- _Exercise instructions_: Once you have located the line containing "アンティーク家具　アンティーク 天板ナラ材の大きな鉄脚作業台(テーブル、机)" in the material below, return it exactly along with each line after it through the line containing "Lynk & Co 01".

** Information given follows **

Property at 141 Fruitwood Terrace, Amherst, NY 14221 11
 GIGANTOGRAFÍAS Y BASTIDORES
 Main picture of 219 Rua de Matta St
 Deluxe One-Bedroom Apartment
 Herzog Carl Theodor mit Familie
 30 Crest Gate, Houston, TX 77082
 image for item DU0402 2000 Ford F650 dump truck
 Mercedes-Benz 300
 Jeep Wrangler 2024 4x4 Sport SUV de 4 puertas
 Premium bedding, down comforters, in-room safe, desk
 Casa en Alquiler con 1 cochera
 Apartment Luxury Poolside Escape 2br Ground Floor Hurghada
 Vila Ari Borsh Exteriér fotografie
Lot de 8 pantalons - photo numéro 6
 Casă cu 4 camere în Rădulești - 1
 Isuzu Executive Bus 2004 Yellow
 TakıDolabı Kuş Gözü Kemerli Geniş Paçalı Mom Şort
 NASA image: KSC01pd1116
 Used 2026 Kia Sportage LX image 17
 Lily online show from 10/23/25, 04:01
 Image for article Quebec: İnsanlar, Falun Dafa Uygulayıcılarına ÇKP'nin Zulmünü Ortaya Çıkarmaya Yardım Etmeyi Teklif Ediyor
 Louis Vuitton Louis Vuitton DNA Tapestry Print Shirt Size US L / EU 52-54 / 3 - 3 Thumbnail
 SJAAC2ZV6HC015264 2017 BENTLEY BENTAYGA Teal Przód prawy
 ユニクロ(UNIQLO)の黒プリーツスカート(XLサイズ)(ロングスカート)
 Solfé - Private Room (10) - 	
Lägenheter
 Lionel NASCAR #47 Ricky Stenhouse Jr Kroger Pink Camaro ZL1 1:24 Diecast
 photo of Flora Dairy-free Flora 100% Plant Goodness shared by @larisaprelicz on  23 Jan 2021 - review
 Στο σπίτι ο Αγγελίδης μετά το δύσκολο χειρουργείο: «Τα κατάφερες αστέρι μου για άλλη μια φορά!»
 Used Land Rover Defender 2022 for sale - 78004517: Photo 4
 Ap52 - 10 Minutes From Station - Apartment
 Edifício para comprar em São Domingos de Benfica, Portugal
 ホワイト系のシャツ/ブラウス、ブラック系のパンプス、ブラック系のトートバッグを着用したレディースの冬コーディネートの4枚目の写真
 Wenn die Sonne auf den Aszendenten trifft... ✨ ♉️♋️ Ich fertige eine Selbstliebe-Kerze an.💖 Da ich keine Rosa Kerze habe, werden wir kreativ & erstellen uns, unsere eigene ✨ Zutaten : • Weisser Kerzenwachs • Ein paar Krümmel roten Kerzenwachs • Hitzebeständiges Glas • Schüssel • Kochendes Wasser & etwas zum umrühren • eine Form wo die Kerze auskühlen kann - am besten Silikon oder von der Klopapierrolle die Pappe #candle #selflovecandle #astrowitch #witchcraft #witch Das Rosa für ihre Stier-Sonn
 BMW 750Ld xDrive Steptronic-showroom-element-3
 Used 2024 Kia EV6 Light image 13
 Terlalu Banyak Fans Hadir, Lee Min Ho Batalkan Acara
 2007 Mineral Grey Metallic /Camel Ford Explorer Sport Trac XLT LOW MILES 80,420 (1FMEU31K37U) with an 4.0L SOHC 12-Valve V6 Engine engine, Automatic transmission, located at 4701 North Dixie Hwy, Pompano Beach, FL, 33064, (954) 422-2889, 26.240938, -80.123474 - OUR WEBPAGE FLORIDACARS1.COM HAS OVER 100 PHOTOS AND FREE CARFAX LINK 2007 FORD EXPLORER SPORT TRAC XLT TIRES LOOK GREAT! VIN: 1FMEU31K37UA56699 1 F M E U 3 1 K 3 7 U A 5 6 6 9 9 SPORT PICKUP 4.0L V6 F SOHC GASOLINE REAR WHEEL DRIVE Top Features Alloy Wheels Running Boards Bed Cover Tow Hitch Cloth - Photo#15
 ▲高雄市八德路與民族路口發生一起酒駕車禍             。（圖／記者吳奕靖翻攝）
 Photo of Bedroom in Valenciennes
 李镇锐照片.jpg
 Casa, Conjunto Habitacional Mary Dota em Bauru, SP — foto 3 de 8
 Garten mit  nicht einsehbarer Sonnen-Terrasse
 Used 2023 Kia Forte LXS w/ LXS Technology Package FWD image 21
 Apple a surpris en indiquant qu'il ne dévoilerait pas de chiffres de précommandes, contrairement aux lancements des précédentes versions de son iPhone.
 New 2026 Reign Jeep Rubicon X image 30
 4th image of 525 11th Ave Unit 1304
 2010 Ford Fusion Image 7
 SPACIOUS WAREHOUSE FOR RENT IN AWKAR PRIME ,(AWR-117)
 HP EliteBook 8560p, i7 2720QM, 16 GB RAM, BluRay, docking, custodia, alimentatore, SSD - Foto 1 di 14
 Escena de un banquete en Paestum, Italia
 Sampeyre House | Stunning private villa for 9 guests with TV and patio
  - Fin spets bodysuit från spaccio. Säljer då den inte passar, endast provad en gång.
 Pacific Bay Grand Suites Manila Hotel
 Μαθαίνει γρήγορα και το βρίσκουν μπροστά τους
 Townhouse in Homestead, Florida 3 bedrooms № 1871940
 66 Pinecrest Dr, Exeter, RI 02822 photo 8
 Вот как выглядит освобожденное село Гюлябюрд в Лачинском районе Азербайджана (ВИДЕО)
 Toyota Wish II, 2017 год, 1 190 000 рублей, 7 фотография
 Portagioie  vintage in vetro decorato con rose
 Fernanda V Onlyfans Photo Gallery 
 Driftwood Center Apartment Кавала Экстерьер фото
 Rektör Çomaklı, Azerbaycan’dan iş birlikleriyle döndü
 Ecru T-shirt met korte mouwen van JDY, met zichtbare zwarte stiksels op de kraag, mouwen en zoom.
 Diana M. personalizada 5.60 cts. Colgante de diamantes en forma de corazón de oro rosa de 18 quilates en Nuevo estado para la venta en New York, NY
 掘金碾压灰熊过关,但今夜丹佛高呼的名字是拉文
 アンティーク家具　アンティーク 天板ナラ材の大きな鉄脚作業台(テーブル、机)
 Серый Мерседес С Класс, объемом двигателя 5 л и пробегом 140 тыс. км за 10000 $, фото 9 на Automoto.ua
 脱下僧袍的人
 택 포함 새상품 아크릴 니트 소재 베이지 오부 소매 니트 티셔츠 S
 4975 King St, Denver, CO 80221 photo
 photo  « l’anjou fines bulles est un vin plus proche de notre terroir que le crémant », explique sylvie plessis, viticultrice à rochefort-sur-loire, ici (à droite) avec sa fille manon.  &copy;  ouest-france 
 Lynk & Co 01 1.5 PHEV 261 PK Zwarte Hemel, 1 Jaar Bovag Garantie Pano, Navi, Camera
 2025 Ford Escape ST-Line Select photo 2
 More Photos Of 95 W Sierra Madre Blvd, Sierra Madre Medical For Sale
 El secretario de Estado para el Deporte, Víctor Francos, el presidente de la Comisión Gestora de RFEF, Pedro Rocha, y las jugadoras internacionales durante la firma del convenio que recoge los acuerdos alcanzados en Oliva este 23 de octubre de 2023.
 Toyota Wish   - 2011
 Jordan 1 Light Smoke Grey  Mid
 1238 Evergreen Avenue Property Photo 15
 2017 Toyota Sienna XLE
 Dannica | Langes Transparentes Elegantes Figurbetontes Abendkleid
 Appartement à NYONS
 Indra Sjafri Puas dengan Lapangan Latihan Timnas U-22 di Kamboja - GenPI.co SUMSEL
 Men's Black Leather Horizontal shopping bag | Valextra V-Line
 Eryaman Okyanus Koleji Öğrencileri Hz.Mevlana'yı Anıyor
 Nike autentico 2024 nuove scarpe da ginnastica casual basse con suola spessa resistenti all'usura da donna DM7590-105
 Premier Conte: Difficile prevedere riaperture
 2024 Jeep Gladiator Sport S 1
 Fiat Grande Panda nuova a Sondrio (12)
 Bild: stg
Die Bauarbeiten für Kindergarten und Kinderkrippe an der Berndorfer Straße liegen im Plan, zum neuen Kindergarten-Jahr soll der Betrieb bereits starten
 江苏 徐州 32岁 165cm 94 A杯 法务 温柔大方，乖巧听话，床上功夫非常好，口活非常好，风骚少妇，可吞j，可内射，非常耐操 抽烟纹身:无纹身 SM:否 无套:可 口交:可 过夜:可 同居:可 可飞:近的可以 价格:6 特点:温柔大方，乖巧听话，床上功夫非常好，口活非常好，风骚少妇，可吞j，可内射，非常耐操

** End of Information given **

- _Answer_:
 アンティーク家具　アンティーク 天板ナラ材の大きな鉄脚作業台(テーブル、机)
 Серый Мерседес С Класс, объемом двигателя 5 л и пробегом 140 тыс. км за 10000 $, фото 9 на Automoto.ua
 脱下僧袍的人
 택 포함 새상품 아크릴 니트 소재 베이지 오부 소매 니트 티셔츠 S
 4975 King St, Denver, CO 80221 photo
 photo  « l’anjou fines bulles est un vin plus proche de notre terroir que le crémant », explique sylvie plessis, viticultrice à rochefort-sur-loire, ici (à droite) avec sa fille manon.  &copy;  ouest-france 
 Lynk & Co 01 1.5 PHEV 261 PK Zwarte Hemel, 1 Jaar Bovag Garantie Pano, Navi, Camera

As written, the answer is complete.